Resul-i Ekrem (s.a.a)'in şu hadisi de önemlidir: "Kim bir haramı yapmaktan
vaz geçerse, Allah onun yerine ona onu sevindirecek bir ibadet nasip eder."
[iii]
2- İyi ameller, kötü amelleri de etkiler. Yani insanın
kötü amellerden uzaklaşmasına büyük ölçüde yardımcı olur. Elbette eğer doğru
düzgün ve şartlarıyla yapılırsa. Mesela namaz hakkında Allah-u Teala şöyle
buyuruyor: "Hiç şüphesiz namaz insanı iğrenç ve kötü işlerden alı
kor." (Ankebût, 45)
İyi amellerin kötü ameller üzerindeki bir diğer etkisi
ise, kötü amelleri silip götürmesi ve bir yerde telafi ve temizlik vazifesi
yapmasıdır.
Bakın Rabbimiz bu konuda ne buyurmaktadır; Hud sûresinin
114. ayetinde namazdan bahsettik den sonra şöyle buyurmaktadır: "Hiç
şüphesiz iyi ameller, kötü amelleri silip götürür." Yine Nisa sûresinin
31. ayetinde şöyle buyurmaktadır: "Eğer nehy edildiğiniz büyük günahlardan
kaçınırsanız, Biz küçük günahlarınızın üzerini de kapatırız." Ankebut
sûresinin 7. ayetinde ise şöyle buyurmaktadır: "İman edip de salih amel
işleyenlerin kötü amellerinin üzerini örteceğiz."
Evet iyi amel bu şekilde kötülükler üzerinde etkilidir.
Hepsinden önemlisi de tevbedir. Tevbe ve gerçek dönüş insanın geçmişini
temizler ve yeni bir sayfa insanın yüzüne açar. Bu bölüm hakkında da söylenecek
söz çoktur; ancak söz uzamasın diye bu kadarıyla yetiniyoruz.
3- Kötü amellerin kötü ameller üzerindeki etkisi
kesindir. Her hangi bir günah tevbe ve gerçek bir dönüş olmazsa insanın yüzüne
yeni günahların kapısını aralar. Evet günah insanın kalbinde ilahi nurları
söndürür ve kalbi günden güne karartır, insanı bedbahtlığa sürükler.

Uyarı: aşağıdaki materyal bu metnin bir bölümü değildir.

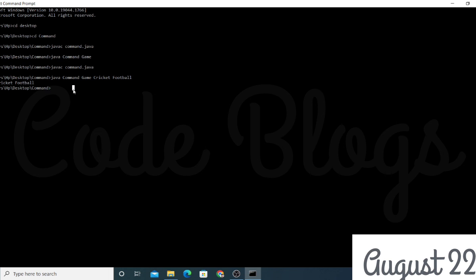So using this method you can run the Java program using the command prompt, pass arguments from the command prompt, and those arguments are stored in the String args parameter used in the main method of Java. That's all for this video.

İmam Bakır (a.s.)'dan şöyle nakledilmiştir: "Her
kulun kalbinde beyaz bir nokta (bölge) mevcuttur. Şu halde kul bir günah
işlediğinde o beyaz bölgede siyah bir nokta meydana gelir. Eğer o günahın
ardından tevbe ederse o siyahlık bertaraf olur. Ancak günaha devam ettiği
müddetçe o siyahlıkta artmaya devam eder ve bilahare o beyazlığı tamamen
kaplayıp karartır. Bu duruma geldikten sonra o adam bir daha hayra dönemez ve
(bedbaht olur.)...." [iv]
Hz. Ali (a.s.) ise şöyle buyurmaktadır: "Göz yaşının
kuruması, kalplerin taşlaşmasından kaynaklanır; kalpleri taşlaşması ise
günahların çoğalmasından kaynaklanır." [v]
Bu arada bazı günahların etkisi daha fazladır ve bir
anlamda günahların kökü sayılırlar; Hz. Ali (a.s.) şöyle buyurmaktadır:
"Dünya hırsı ve düşkünlüğü kibir ve haset, insanı günaha yeltendiren
sebeplerdir." [vi]
4- Kötü amellerin iyi ameller üzerindeki etkisi de, yine
ayet ve hadislerle sabittir. Evet kötü ameller birkaç yönden iyi amelleri
etkiler. Evvela birçok zaman kötü ameller insanın iyi ameller yapmasına engel
olur. Allah-u Teala'nın lütuf ve inayetini insanın üzerinden keser. İnsanın
dualarının kabulünü önler, ibadetlerden insanı alı kor.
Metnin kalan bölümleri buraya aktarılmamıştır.